COLUMBIA, Mo. – The whereabouts of Malaysian Airlines Flight 370 continues to elude recovery crews and the public. The flight disappeared from radar less than an hour after takeoff. Rescue and recovery efforts have centered on locating the “ping” from the flight data recorder. However, the beacon was limited by the short lifetime of its lithium ion battery. Now, Patrick Pinhero, a chemical engineering expert at the University of Missouri, suggests that betavoltaics, a 60-year-old battery technology, can help extend the life of “black box” batteries, which could aid in research and recovery efforts.
“The current battery that powers the underwater locator beacon is a lithium ion battery that can operate for 30 to 40 days,” said Pinhero, professor of chemical engineering in the College of Engineering at MU. “However, battery technology exists that provides enough energy to power the beacon much longer. Betavoltaic batteries could power the beacon much longer leading to an increased chance of locating the downed aircraft.”

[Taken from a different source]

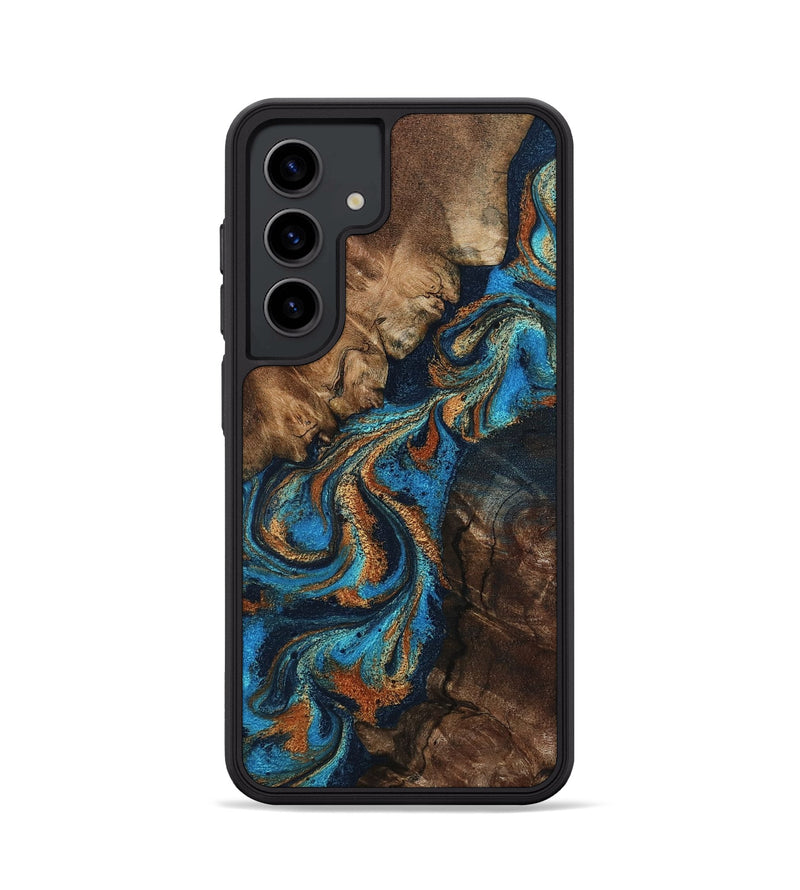 Galaxy S24 Wood Phone Case - Libbie (Teal & Gold, 800064)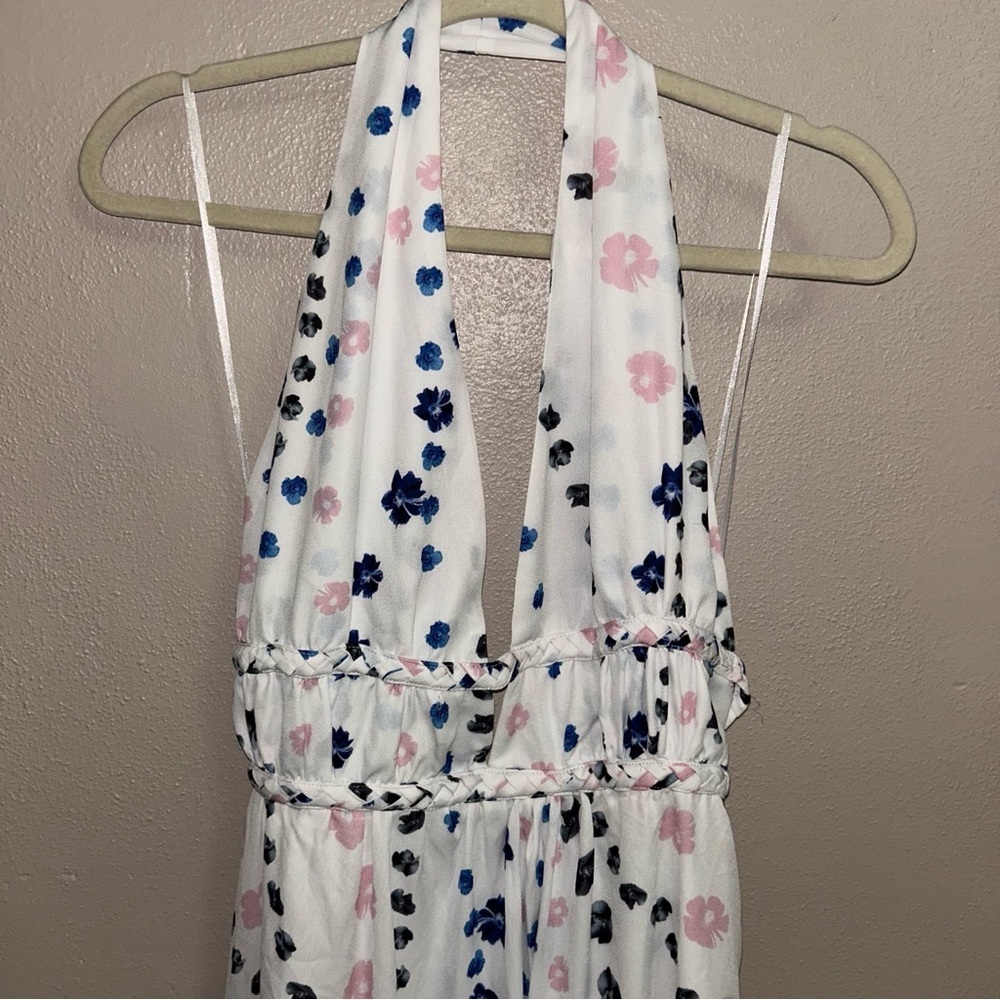 Aqua White Halter Maxi Dress with Blue Floral Dots - Picture 4 of 6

As seen in the recovery efforts with Flight 370, lithium ion batteries have a finite life once activated, Pinhero said. The actual operating lifetimes can vary depending on last scheduled replacement date (lithium ion batteries are normally replaced once a year). In many cases, larger lithium batteries can fail leading to overheating and fires.
“In terms of performance, a betavoltaic battery can run for years without replacement and never needs to be recharged. It is unaffected by temperature and will not heat up even if shorted,” Pinhero said.
While implementation of betavoltaic batteries could take time, Pinhero suggests that an alternative could be devised where the betavoltaic battery becomes a charger for the current lithium ion batteries. This would serve to extend the lifetime of the chemical battery already in use and would allow for a transition to the longer-lasting energy source.
Considering that searches for missing aircraft can last years, it is time for a significant upgrade to the underwater locator beacon’s power source, Pinhero said.
Patrick Pinhero is a professor in the Department of Chemical Engineering and the Nuclear Engineering Program at the University of Missouri. His research is focused on developing novel energy solutions through smart materials design and fabrication. His collaborator in betavoltaics development is Alan Wertsching, a scientist formerly with the Idaho National Laboratory.